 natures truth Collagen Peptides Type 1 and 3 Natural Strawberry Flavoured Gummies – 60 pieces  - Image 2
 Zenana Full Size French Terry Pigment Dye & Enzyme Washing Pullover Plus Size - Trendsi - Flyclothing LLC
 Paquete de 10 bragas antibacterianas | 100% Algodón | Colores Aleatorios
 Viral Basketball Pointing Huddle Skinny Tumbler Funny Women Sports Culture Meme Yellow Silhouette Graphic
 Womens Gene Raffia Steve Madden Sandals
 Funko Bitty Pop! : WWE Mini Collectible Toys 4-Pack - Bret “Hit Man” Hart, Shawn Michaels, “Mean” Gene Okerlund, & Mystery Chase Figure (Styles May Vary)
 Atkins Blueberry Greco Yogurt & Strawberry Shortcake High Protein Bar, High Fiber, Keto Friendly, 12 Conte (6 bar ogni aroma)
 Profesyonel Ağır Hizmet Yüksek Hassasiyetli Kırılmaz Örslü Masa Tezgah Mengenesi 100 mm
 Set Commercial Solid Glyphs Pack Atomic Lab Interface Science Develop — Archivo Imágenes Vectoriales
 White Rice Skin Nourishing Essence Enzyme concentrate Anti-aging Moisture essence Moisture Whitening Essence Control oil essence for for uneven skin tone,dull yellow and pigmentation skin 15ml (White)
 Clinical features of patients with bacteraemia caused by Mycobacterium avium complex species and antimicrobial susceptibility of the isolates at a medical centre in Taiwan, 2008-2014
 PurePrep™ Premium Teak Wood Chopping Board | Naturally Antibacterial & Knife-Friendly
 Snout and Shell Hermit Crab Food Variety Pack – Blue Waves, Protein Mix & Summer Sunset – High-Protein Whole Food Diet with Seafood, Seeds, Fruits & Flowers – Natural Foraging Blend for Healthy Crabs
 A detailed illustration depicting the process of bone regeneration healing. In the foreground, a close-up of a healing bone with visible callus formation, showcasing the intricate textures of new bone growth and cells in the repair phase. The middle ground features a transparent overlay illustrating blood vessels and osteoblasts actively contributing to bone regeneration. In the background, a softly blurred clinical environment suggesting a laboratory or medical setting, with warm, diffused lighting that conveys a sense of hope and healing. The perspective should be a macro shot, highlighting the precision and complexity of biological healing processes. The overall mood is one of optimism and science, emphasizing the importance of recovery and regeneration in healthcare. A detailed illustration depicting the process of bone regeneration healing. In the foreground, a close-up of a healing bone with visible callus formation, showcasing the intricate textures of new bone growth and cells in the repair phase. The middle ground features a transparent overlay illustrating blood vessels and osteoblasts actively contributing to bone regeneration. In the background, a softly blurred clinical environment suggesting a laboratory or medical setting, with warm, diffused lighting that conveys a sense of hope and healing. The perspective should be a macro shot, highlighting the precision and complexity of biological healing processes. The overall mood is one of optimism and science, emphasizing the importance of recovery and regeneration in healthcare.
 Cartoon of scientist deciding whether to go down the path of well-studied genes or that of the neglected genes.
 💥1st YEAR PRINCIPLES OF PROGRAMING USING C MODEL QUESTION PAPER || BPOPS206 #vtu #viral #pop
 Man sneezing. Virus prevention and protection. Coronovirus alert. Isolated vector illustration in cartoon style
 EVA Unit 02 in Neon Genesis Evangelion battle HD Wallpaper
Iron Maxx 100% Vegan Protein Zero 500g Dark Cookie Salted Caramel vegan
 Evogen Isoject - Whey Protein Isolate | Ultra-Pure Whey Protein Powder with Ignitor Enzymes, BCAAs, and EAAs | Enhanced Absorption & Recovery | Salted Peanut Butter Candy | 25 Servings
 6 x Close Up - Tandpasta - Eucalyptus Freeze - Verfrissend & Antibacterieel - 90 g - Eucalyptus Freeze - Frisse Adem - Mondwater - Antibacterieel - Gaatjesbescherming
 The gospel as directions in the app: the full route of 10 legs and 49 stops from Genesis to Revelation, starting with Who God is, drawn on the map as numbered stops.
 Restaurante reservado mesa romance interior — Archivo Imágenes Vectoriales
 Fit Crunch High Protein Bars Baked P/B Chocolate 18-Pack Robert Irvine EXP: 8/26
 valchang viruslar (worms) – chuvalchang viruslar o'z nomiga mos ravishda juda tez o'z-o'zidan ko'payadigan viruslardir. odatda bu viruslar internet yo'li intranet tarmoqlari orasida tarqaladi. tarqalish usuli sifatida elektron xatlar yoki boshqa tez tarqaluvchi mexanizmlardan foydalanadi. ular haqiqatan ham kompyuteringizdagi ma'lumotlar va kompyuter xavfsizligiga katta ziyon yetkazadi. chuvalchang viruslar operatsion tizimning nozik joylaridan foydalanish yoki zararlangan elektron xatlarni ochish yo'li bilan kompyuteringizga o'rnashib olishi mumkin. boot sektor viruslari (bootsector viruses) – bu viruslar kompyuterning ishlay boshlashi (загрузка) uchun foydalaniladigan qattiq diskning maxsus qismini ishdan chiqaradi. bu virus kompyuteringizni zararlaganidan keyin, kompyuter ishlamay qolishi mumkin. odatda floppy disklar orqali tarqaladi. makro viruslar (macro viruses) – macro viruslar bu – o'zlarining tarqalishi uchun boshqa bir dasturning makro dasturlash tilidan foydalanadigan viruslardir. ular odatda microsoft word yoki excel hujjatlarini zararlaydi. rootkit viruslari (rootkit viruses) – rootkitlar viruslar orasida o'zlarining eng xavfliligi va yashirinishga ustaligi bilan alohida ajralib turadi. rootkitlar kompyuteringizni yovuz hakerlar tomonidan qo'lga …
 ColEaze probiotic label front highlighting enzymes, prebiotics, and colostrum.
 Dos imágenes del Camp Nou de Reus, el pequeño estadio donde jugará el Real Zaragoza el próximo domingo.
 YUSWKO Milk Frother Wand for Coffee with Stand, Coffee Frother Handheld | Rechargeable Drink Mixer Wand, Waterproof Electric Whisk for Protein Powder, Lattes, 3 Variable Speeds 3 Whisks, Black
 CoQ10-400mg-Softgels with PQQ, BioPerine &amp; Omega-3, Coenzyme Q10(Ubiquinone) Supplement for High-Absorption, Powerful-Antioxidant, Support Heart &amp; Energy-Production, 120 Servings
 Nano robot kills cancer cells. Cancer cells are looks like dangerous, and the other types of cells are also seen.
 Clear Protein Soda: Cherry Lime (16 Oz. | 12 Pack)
^^^^^^^^
§ Activity: Restate each line of the records above without any deviation.

§ Task response:
 natures truth Collagen Peptides Type 1 and 3 Natural Strawberry Flavoured Gummies – 60 pieces  - Image 2
 Zenana Full Size French Terry Pigment Dye & Enzyme Washing Pullover Plus Size - Trendsi - Flyclothing LLC
 Paquete de 10 bragas antibacterianas | 100% Algodón | Colores Aleatorios
 Viral Basketball Pointing Huddle Skinny Tumbler Funny Women Sports Culture Meme Yellow Silhouette Graphic
 Womens Gene Raffia Steve Madden Sandals
 Funko Bitty Pop! : WWE Mini Collectible Toys 4-Pack - Bret “Hit Man” Hart, Shawn Michaels, “Mean” Gene Okerlund, & Mystery Chase Figure (Styles May Vary)
 Atkins Blueberry Greco Yogurt & Strawberry Shortcake High Protein Bar, High Fiber, Keto Friendly, 12 Conte (6 bar ogni aroma)
 Profesyonel Ağır Hizmet Yüksek Hassasiyetli Kırılmaz Örslü Masa Tezgah Mengenesi 100 mm
 Set Commercial Solid Glyphs Pack Atomic Lab Interface Science Develop — Archivo Imágenes Vectoriales
 White Rice Skin Nourishing Essence Enzyme concentrate Anti-aging Moisture essence Moisture Whitening Essence Control oil essence for for uneven skin tone,dull yellow and pigmentation skin 15ml (White)
 Clinical features of patients with bacteraemia caused by Mycobacterium avium complex species and antimicrobial susceptibility of the isolates at a medical centre in Taiwan, 2008-2014
 PurePrep™ Premium Teak Wood Chopping Board | Naturally Antibacterial & Knife-Friendly
 Snout and Shell Hermit Crab Food Variety Pack – Blue Waves, Protein Mix & Summer Sunset – High-Protein Whole Food Diet with Seafood, Seeds, Fruits & Flowers – Natural Foraging Blend for Healthy Crabs
 A detailed illustration depicting the process of bone regeneration healing. In the foreground, a close-up of a healing bone with visible callus formation, showcasing the intricate textures of new bone growth and cells in the repair phase. The middle ground features a transparent overlay illustrating blood vessels and osteoblasts actively contributing to bone regeneration. In the background, a softly blurred clinical environment suggesting a laboratory or medical setting, with warm, diffused lighting that conveys a sense of hope and healing. The perspective should be a macro shot, highlighting the precision and complexity of biological healing processes. The overall mood is one of optimism and science, emphasizing the importance of recovery and regeneration in healthcare. A detailed illustration depicting the process of bone regeneration healing. In the foreground, a close-up of a healing bone with visible callus formation, showcasing the intricate textures of new bone growth and cells in the repair phase. The middle ground features a transparent overlay illustrating blood vessels and osteoblasts actively contributing to bone regeneration. In the background, a softly blurred clinical environment suggesting a laboratory or medical setting, with warm, diffused lighting that conveys a sense of hope and healing. The perspective should be a macro shot, highlighting the precision and complexity of biological healing processes. The overall mood is one of optimism and science, emphasizing the importance of recovery and regeneration in healthcare.
 Cartoon of scientist deciding whether to go down the path of well-studied genes or that of the neglected genes.
 💥1st YEAR PRINCIPLES OF PROGRAMING USING C MODEL QUESTION PAPER || BPOPS206 #vtu #viral #pop
 Man sneezing. Virus prevention and protection. Coronovirus alert. Isolated vector illustration in cartoon style
 EVA Unit 02 in Neon Genesis Evangelion battle HD Wallpaper
Iron Maxx 100% Vegan Protein Zero 500g Dark Cookie Salted Caramel vegan
 Evogen Isoject - Whey Protein Isolate | Ultra-Pure Whey Protein Powder with Ignitor Enzymes, BCAAs, and EAAs | Enhanced Absorption & Recovery | Salted Peanut Butter Candy | 25 Servings
 6 x Close Up - Tandpasta - Eucalyptus Freeze - Verfrissend & Antibacterieel - 90 g - Eucalyptus Freeze - Frisse Adem - Mondwater - Antibacterieel - Gaatjesbescherming
 The gospel as directions in the app: the full route of 10 legs and 49 stops from Genesis to Revelation, starting with Who God is, drawn on the map as numbered stops.
 Restaurante reservado mesa romance interior — Archivo Imágenes Vectoriales
 Fit Crunch High Protein Bars Baked P/B Chocolate 18-Pack Robert Irvine EXP: 8/26
 valchang viruslar (worms) – chuvalchang viruslar o'z nomiga mos ravishda juda tez o'z-o'zidan ko'payadigan viruslardir. odatda bu viruslar internet yo'li intranet tarmoqlari orasida tarqaladi. tarqalish usuli sifatida elektron xatlar yoki boshqa tez tarqaluvchi mexanizmlardan foydalanadi. ular haqiqatan ham kompyuteringizdagi ma'lumotlar va kompyuter xavfsizligiga katta ziyon yetkazadi. chuvalchang viruslar operatsion tizimning nozik joylaridan foydalanish yoki zararlangan elektron xatlarni ochish yo'li bilan kompyuteringizga o'rnashib olishi mumkin. boot sektor viruslari (bootsector viruses) – bu viruslar kompyuterning ishlay boshlashi (загрузка) uchun foydalaniladigan qattiq diskning maxsus qismini ishdan chiqaradi. bu virus kompyuteringizni zararlaganidan keyin, kompyuter ishlamay qolishi mumkin. odatda floppy disklar orqali tarqaladi. makro viruslar (macro viruses) – macro viruslar bu – o'zlarining tarqalishi uchun boshqa bir dasturning makro dasturlash tilidan foydalanadigan viruslardir. ular odatda microsoft word yoki excel hujjatlarini zararlaydi. rootkit viruslari (rootkit viruses) – rootkitlar viruslar orasida o'zlarining eng xavfliligi va yashirinishga ustaligi bilan alohida ajralib turadi. rootkitlar kompyuteringizni yovuz hakerlar tomonidan qo'lga …
 ColEaze probiotic label front highlighting enzymes, prebiotics, and colostrum.
 Dos imágenes del Camp Nou de Reus, el pequeño estadio donde jugará el Real Zaragoza el próximo domingo.
 YUSWKO Milk Frother Wand for Coffee with Stand, Coffee Frother Handheld | Rechargeable Drink Mixer Wand, Waterproof Electric Whisk for Protein Powder, Lattes, 3 Variable Speeds 3 Whisks, Black
 CoQ10-400mg-Softgels with PQQ, BioPerine &amp; Omega-3, Coenzyme Q10(Ubiquinone) Supplement for High-Absorption, Powerful-Antioxidant, Support Heart &amp; Energy-Production, 120 Servings
 Nano robot kills cancer cells. Cancer cells are looks like dangerous, and the other types of cells are also seen.
 Clear Protein Soda: Cherry Lime (16 Oz. | 12 Pack)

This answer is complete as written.